• [DATA PROVIDED]

^^^^^^^^

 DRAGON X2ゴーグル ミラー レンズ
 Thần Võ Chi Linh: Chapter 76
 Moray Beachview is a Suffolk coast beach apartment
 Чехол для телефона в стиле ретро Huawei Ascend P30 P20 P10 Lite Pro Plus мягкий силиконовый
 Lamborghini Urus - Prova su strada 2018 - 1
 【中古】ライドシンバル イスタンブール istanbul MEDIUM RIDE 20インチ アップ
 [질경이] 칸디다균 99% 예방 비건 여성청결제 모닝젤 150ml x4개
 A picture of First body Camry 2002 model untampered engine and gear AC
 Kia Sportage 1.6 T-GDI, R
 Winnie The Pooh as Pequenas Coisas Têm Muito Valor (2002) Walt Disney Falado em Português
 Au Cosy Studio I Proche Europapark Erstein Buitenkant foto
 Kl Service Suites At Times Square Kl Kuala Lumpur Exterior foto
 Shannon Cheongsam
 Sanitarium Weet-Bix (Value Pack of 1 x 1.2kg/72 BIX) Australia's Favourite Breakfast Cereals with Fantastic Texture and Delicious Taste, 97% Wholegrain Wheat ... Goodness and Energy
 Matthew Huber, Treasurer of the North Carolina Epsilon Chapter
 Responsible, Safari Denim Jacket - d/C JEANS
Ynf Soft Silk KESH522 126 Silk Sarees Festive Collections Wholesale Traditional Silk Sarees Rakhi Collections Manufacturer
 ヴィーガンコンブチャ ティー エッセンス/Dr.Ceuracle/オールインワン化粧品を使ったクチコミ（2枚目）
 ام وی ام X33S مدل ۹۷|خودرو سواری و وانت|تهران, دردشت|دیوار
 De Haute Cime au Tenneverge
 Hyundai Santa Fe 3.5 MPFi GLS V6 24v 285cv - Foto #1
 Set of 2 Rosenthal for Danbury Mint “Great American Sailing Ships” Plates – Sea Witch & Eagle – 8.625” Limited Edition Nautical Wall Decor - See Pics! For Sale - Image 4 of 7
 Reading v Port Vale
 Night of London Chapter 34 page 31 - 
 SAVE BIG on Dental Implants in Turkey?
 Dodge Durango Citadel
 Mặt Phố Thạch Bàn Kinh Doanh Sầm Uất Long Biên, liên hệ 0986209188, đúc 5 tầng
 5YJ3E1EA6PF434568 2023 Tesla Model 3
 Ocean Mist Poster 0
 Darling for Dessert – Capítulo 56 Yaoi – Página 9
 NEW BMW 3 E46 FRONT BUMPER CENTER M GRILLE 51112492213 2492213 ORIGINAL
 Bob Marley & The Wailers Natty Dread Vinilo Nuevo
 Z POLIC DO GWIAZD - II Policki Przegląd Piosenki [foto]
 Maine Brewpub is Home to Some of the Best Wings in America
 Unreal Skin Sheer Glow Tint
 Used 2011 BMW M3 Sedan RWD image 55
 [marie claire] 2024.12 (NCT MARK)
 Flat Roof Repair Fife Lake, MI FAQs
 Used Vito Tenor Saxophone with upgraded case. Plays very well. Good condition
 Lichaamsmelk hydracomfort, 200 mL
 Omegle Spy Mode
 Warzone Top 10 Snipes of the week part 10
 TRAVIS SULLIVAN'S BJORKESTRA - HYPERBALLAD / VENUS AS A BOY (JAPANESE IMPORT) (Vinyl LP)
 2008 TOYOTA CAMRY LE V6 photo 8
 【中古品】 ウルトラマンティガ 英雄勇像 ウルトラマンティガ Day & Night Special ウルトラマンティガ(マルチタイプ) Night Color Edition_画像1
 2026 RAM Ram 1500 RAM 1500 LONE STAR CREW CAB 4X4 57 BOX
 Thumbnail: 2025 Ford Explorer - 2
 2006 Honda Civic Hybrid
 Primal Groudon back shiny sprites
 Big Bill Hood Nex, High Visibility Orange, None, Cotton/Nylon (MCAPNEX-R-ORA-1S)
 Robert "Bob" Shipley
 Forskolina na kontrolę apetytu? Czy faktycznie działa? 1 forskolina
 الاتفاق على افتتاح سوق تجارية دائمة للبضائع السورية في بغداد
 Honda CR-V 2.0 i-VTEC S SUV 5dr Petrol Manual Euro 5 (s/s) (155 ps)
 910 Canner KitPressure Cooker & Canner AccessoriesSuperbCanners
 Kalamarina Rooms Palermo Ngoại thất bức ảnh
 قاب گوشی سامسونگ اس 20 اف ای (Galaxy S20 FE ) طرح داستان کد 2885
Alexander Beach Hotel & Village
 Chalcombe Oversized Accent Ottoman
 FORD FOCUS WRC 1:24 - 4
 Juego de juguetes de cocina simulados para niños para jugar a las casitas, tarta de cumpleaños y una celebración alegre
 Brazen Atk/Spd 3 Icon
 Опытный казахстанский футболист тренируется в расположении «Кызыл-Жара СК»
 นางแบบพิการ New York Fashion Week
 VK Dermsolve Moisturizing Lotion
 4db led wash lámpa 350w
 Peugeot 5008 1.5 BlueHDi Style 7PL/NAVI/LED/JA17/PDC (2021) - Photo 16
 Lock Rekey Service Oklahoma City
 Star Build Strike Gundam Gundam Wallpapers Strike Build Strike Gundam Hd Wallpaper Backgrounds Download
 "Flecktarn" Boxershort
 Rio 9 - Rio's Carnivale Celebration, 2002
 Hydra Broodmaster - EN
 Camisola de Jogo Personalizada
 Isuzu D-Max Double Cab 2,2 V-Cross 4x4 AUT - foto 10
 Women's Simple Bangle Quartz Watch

^^^^^^^^

• [TASK TO COMPLETE] Return the span of lines in the data above that opens at the line with "Reading v Port Vale" and closes at the line with "الاتفاق على افتتاح", exactly, ends included, nothing else.

• [REPLY]
 Reading v Port Vale
 Night of London Chapter 34 page 31 - 
 SAVE BIG on Dental Implants in Turkey?
 Dodge Durango Citadel
 Mặt Phố Thạch Bàn Kinh Doanh Sầm Uất Long Biên, liên hệ 0986209188, đúc 5 tầng
 5YJ3E1EA6PF434568 2023 Tesla Model 3
 Ocean Mist Poster 0
 Darling for Dessert – Capítulo 56 Yaoi – Página 9
 NEW BMW 3 E46 FRONT BUMPER CENTER M GRILLE 51112492213 2492213 ORIGINAL
 Bob Marley & The Wailers Natty Dread Vinilo Nuevo
 Z POLIC DO GWIAZD - II Policki Przegląd Piosenki [foto]
 Maine Brewpub is Home to Some of the Best Wings in America
 Unreal Skin Sheer Glow Tint
 Used 2011 BMW M3 Sedan RWD image 55
 [marie claire] 2024.12 (NCT MARK)
 Flat Roof Repair Fife Lake, MI FAQs
 Used Vito Tenor Saxophone with upgraded case. Plays very well. Good condition
 Lichaamsmelk hydracomfort, 200 mL
 Omegle Spy Mode
 Warzone Top 10 Snipes of the week part 10
 TRAVIS SULLIVAN'S BJORKESTRA - HYPERBALLAD / VENUS AS A BOY (JAPANESE IMPORT) (Vinyl LP)
 2008 TOYOTA CAMRY LE V6 photo 8
 【中古品】 ウルトラマンティガ 英雄勇像 ウルトラマンティガ Day & Night Special ウルトラマンティガ(マルチタイプ) Night Color Edition_画像1
 2026 RAM Ram 1500 RAM 1500 LONE STAR CREW CAB 4X4 57 BOX
 Thumbnail: 2025 Ford Explorer - 2
 2006 Honda Civic Hybrid
 Primal Groudon back shiny sprites
 Big Bill Hood Nex, High Visibility Orange, None, Cotton/Nylon (MCAPNEX-R-ORA-1S)
 Robert "Bob" Shipley
 Forskolina na kontrolę apetytu? Czy faktycznie działa? 1 forskolina
 الاتفاق على افتتاح سوق تجارية دائمة للبضائع السورية في بغداد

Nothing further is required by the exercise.